[…] because Windows will move pages from RAM to the pagefile only when necessary.
Sorry, that’s 100% pure bullshit. While this was true in the good old times (with NT4, for example), modern operating systems (and this includes XP) use precleaning. Precleaning is a strategy where the OS writes dirty pages to the pagefile even if there is plenty of free RAM. These pages are then kept in RAM and the pagefile simultaneously. If the application needs them, fine, they are still in RAM. If memory usage suddenly increases and the system needs virtual memory (like when a huge application gets started), the precleaned pages are already in the swapfile and the system doesn’t have to wait until they are swapped out. Looks like a win-win situation, right?
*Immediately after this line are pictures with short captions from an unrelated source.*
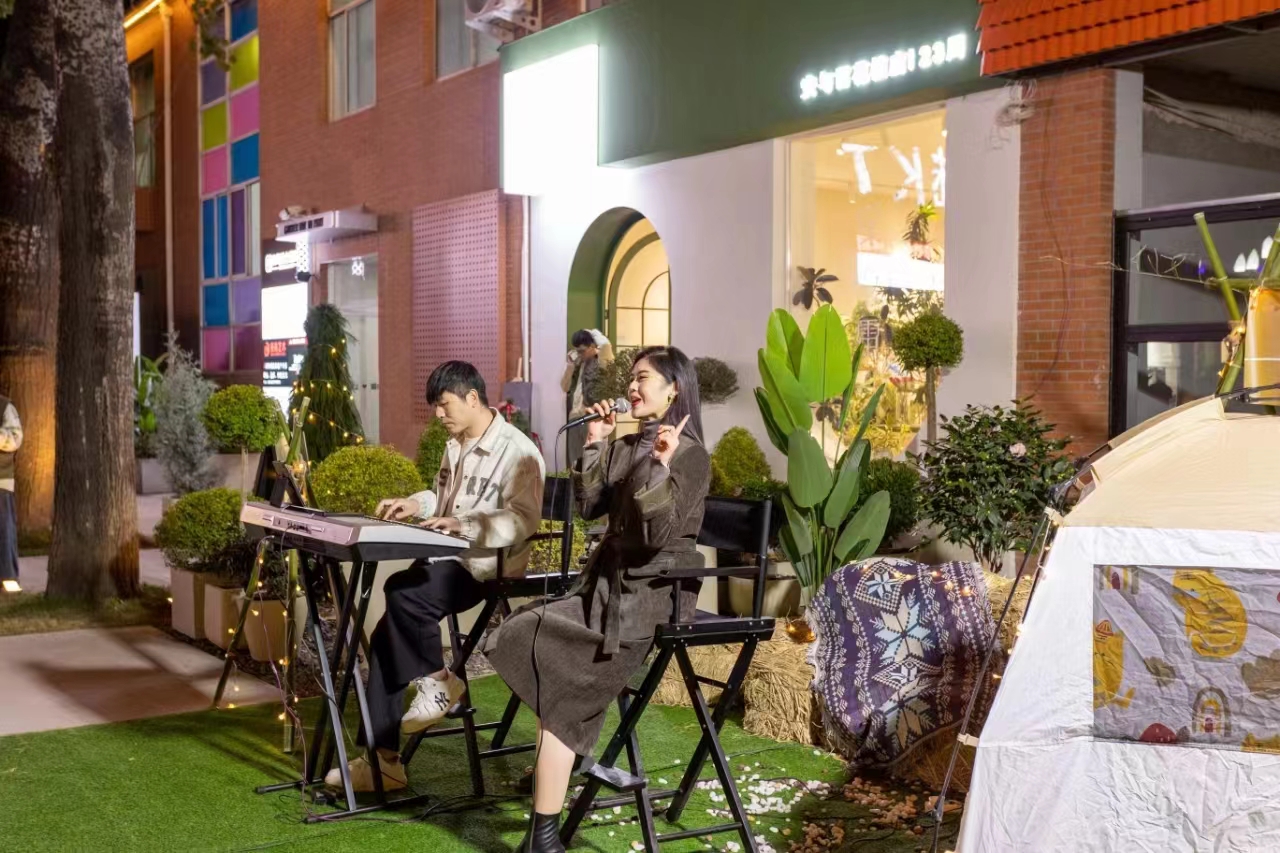 供给多元显活力 场景焕新促消费——湖南“五一”假期文旅热力十足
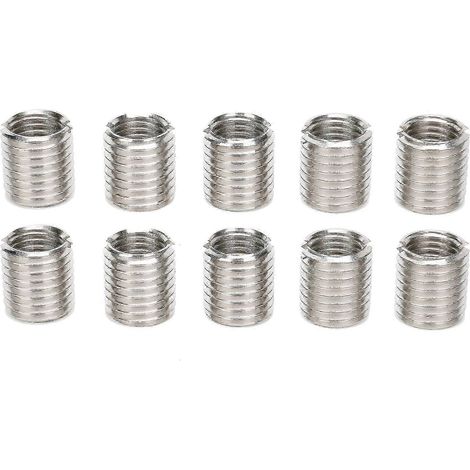 10 pièces Manchon de réparation de filetage M16 femelle et M20 mâle, écrou de conversion (1/3)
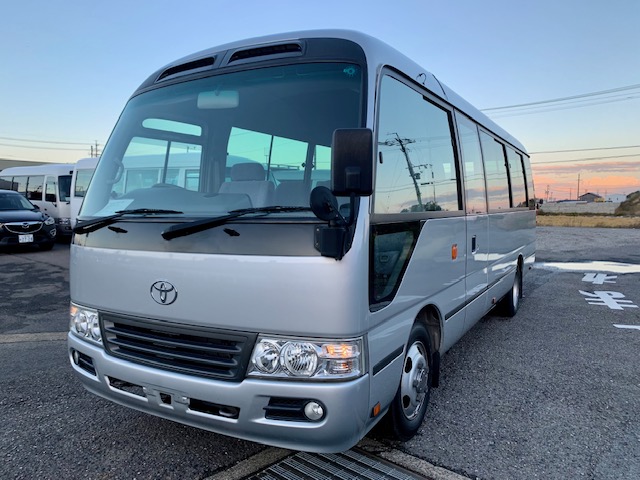 トヨタ・コースター GX 7M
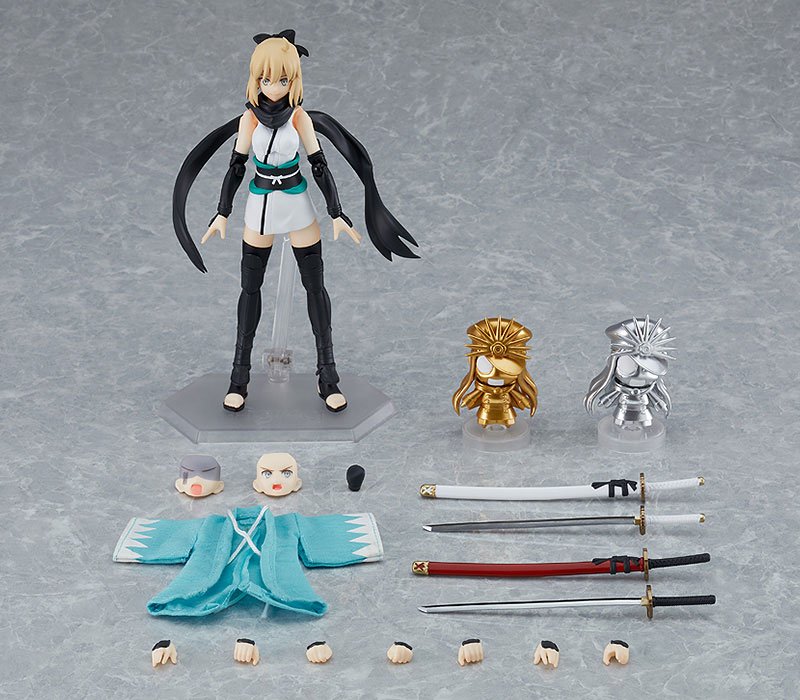 Saber / Okita Souji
Actually, not quite. Since some pages get dirty all the time (for example, by an application which just displays the current time…), precleaning happens all the time as well. The disk with the pagefile is therefore accessed frequently. For a mobile computer (laptop or whatever runs on batteries), this means increased battery drain. For an office PC, this means increased an noise level because the disk never spins down, even when the machine is not in use.
Furthermore, you gain no performance improvement by turning off the pagefile.
Oops, bullshit again! Agreed, the additional I/O load which is caused by precleaning is quite low and usually doesn’t hamper the system performance very much (unless you consider battery power consumption as a part of system performance). However, real life seems not to agree with the bright and happy theory. File caching, for example, uses RAM and may use precleaned pages if they are available. Well, bad luck for any precleaned page which gets claimed for such a purpose but needs to be in memory just a few milliseconds later…and such things happen because the OS can not really guess where the user will click next, and which page will then be needed. Well-meant caching strategies can in these cases kill the system’s performance. With virtual memory disabled, caching will be decreased when free RAM decreases.
Now, what is better: less caching or more virtual memory? Your mileage may vary, but my experience (and that of quite a number of other people as well) shows that DISABLING vortual memory on boyes with 4GB is beneficial. Not only with XP. On a 4GB Server 2003 TS for example, the difference is dramatic: without VM, Eclipse works smootly, with VM, Eclipse often requires several seconds (!) to process a single mouse click!